É, pois, certo que em nenhum só lugar se encontra Lei ou jurisprudência que adopte o princípio da insignificância para condutas penalmente relevantes. Por isso é duvidoso que a evolução dos institutos de reparação dos danos, por substituição de um Código Penal mais que desactualizado, se deva ou tenha de se fazer no sentido da atenuação das penas num quadro em que nenhuma efectiva demonstração de arrependimento foi publicamente prestada; sequer alguma espontaneidade da reparação. Bem pelo contrário, deparamo-nos com agentes dissociados da lógica da integridade e ao serviço do bem comum; com uma total ausência de sinceridade, aqui e ali se revelando saber e poderem ser, arguidos bem protegidos por cumplicidades mais que muitas, urdindo argumentos "espertiosos" calculistas, apoiados em muito poder e todo o dinheiro, sempre nas suas vestes de tecidos finos e pedras preciosas, exibindo vaidades e ganância, senhores de comportamentos condenáveis que banalizaram, porque sem nenhum receio de saltarem da ribalta política em que se projectaram, para a fogueira da indignação popular, fingindo não haver nenhum problema mesmo que, acabando por se constituir num panteão de patifes.
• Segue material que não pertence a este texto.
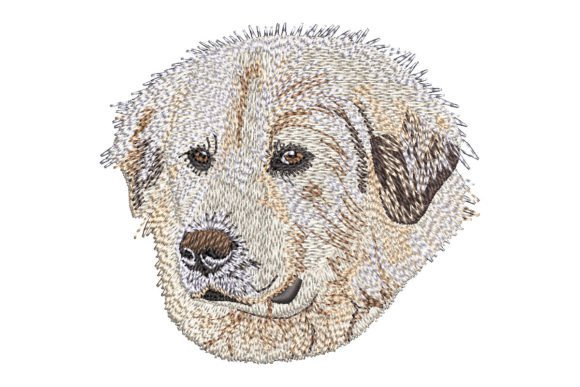 Reviewing the Great Pyrenees Embroidery Design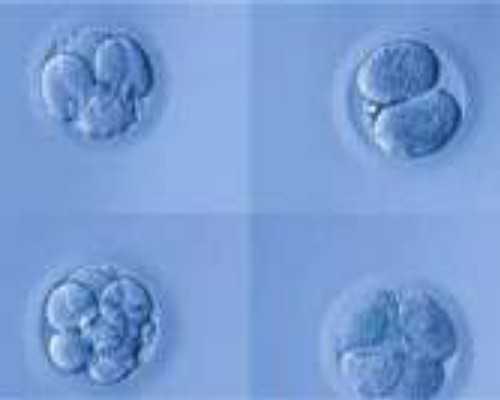 南京试管代生哪家强,南京鼓楼试管三次失败失败的原因你占了几个？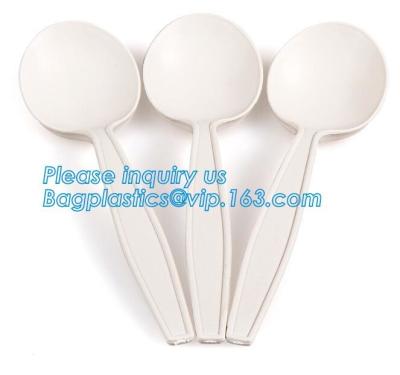 China 6 inches plastic biodegradable corn starch material spoon PLA dessert spoon,OEM Eco-friendly corn starch Disposable plas for sale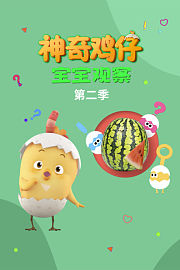 神奇鸡仔宝宝观察第2季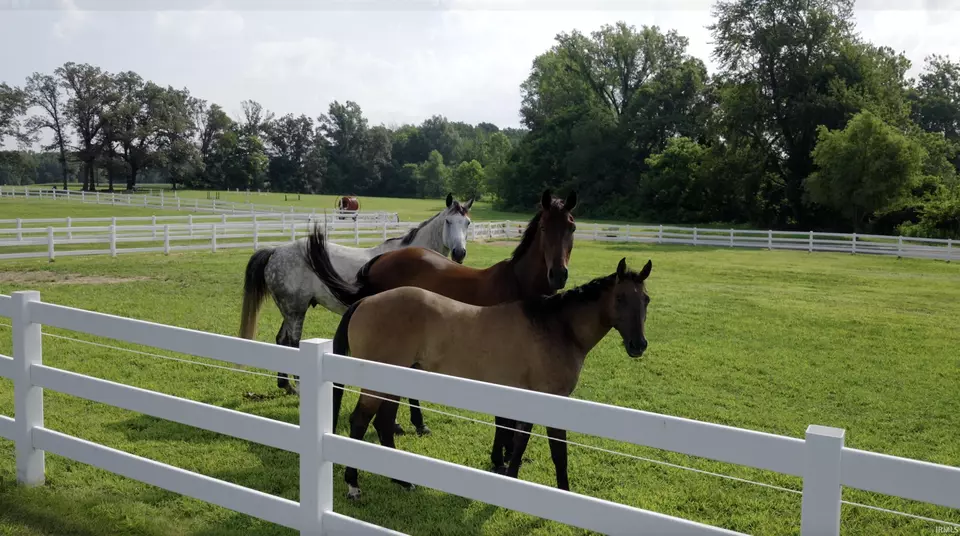  1014 Saddlebrooke Cir, Chandler, IN 47610 photo 4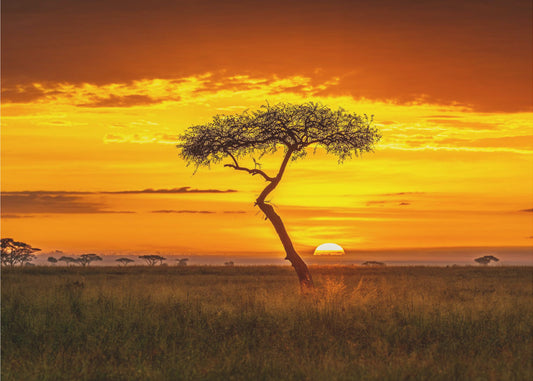 Oer-Afrika | Poster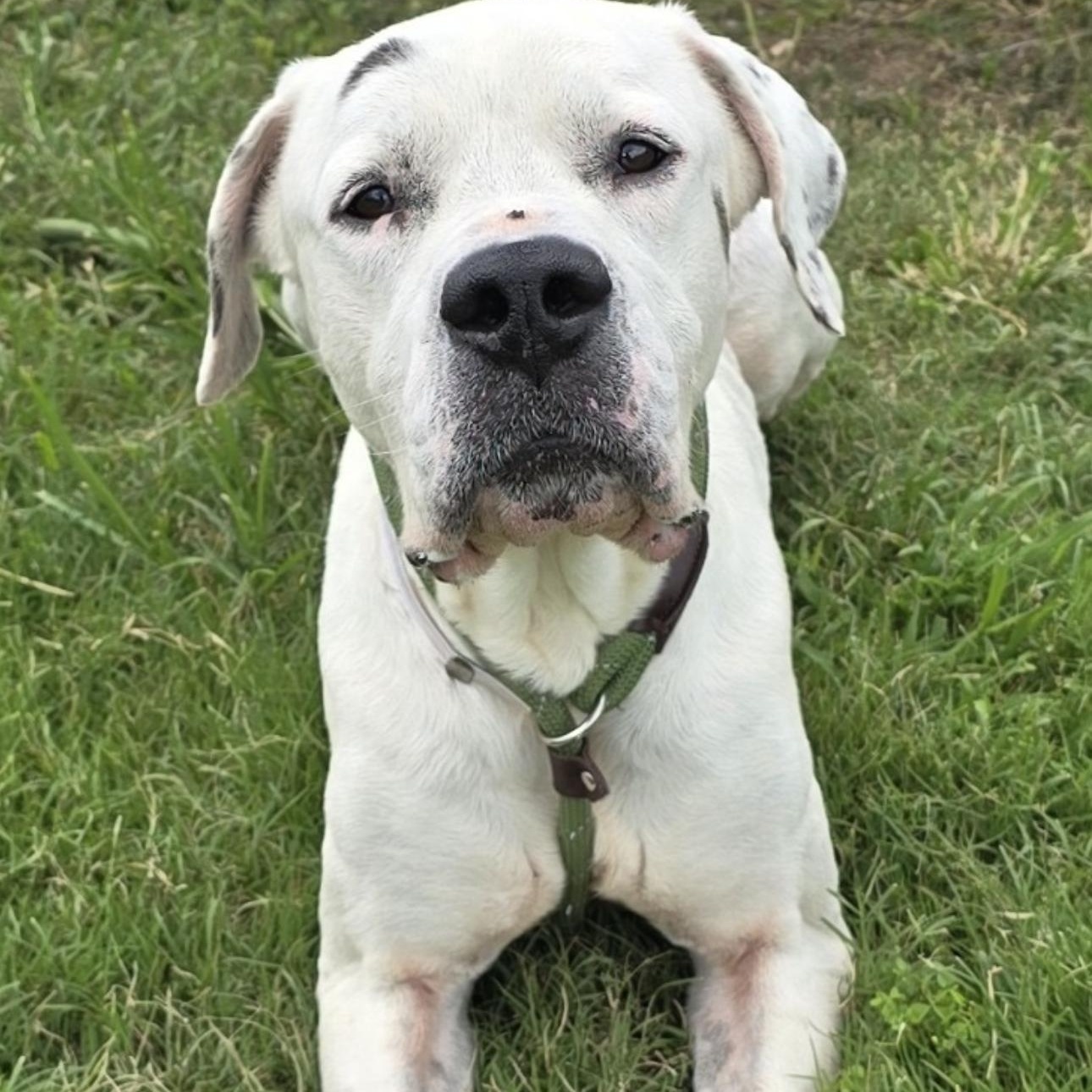 Casper, an adoptable Dogo Argentino, Great Dane in Calumet, MI, 49913 | Photo Image 3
Entendo, pois, que no actual contexto se deva ponderar em que sociedade vivemos e quais os fenómenos que dela relevam e a dominam. Daí se aconselhar mais do que a adopção moderna da atenuação de medidas do Código Penal, um código porventura benevolente, porque a preparar conforto para os próximos futuros condenados, digo se aconselha, a criação de tribunais especializados (tribunais especializados e não tribunais especiais); a redução da possibilidade de recurso dos arguidos; a inversão do onus da prova com a retirada total dos bens suspeitos de se incluírem nos crimes em julgamento; além claro que, do reforço e da modernização dos meios de investigação (SIC / PGR) junto com a capacidade de apreciação dos casos de enorme complexidade ( como são muitos dos nossos), incluindo a facilitação dos meios de denúncia e a diminuição da carga burocrática da complexidade legal, actual.
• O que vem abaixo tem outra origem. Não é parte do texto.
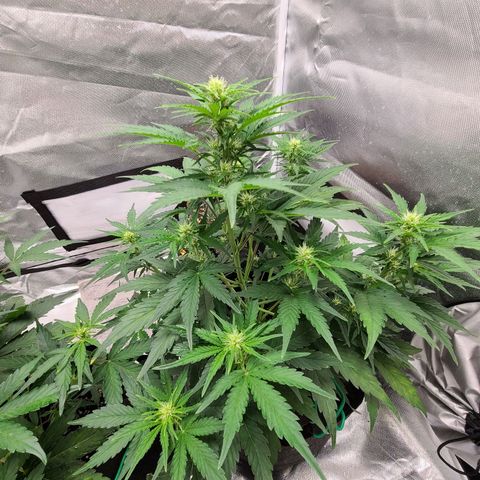 Hanuman #1 growlog timeline photo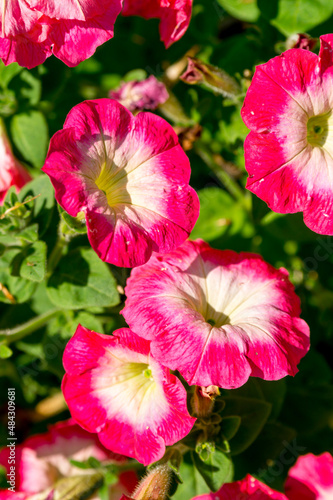 Pink petunias with a white center in the summer garden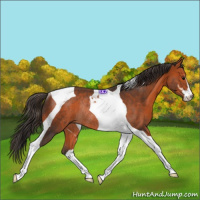 Horse Color:Bay Sabino Tobiano Rabicano 
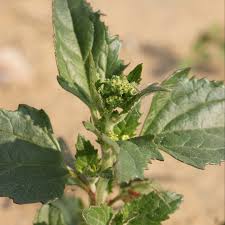 Image result for Chenopodiastrum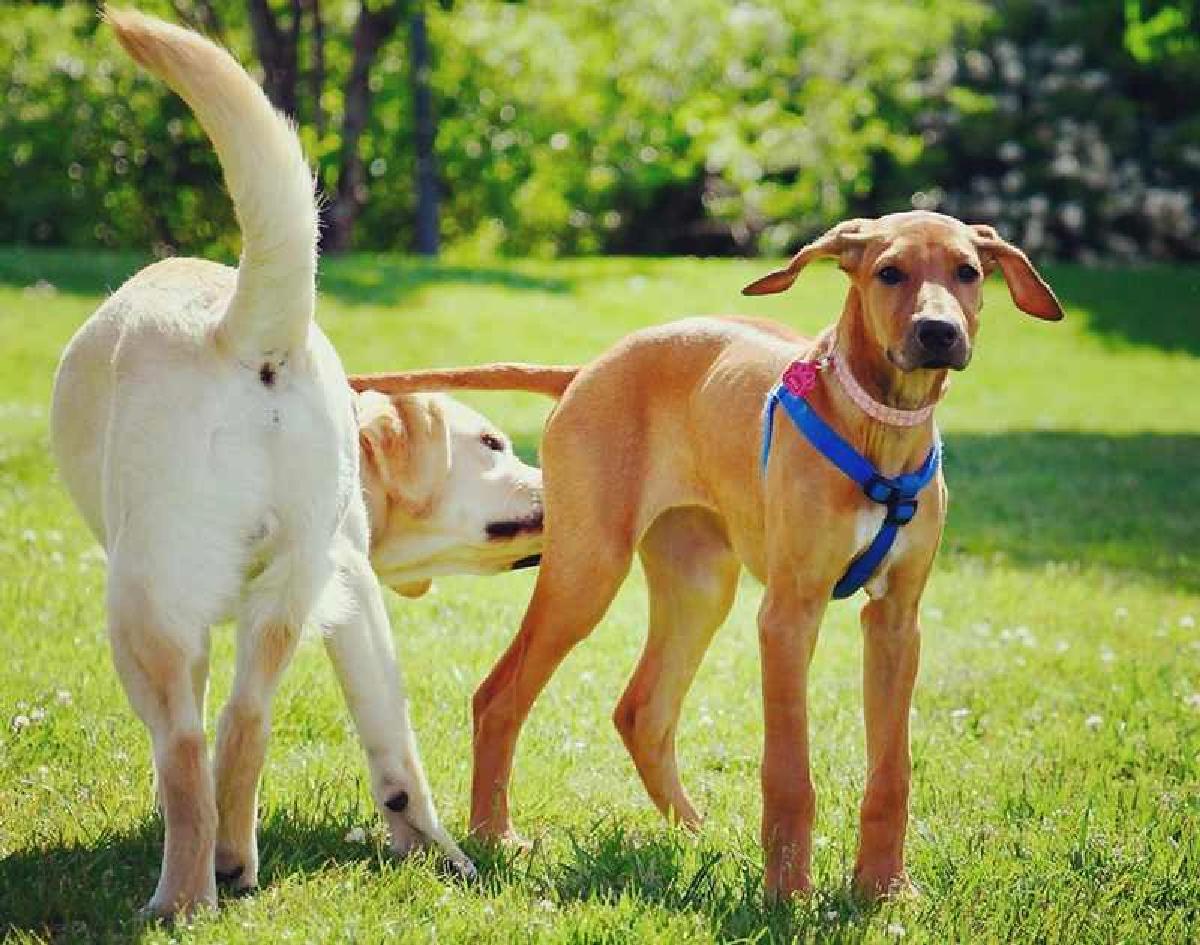 perchè i cani si annusano il sedere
Jamais poderemos aspirar a nos afirmar como uma sociedade de princípios éticos, probos e honrados se for o Estado ele mesmo, a fixá-los e a fixá-los com se fossem gostos. Isto enquanto vivemos num ambiente social em que as maiores das nossas preocupações incluem, não apenas a ausência de governantes cidadãos responsáveis, conscientes dos seus deveres, afeiçoados à integridade, como também o abalo da confiança na justiça, a falta de idoneidade de grande número dos seus servidores; por não ser nem competente nem independente, para além das suas crónicas insuficiências funcionais.

Juntamente com o julgamento dos infractores, é preciso discutir os desafios que a Nação enfrenta, diante dos ideais que podem ajudar a resolver os problemas. E esses ideais, o seu discurso, a ter de estar mais genuinamente voltado para agradar as pessoas do País real e não aos membros dos partidos ou da Assembleia Nacional; para que a opinião que o povo tenha sobre o senso comum das medidas, seja mais reflectida no que acontece.

Doutro modo será pouco provável que o Governo mantenha por muito mais tempo, a capacidade de inspirar confiança, tanto menos quanto a sua postura se revele incapaz de resistir aos homens cujo enriquecimento também lhes trouxe subjacente, mais poder.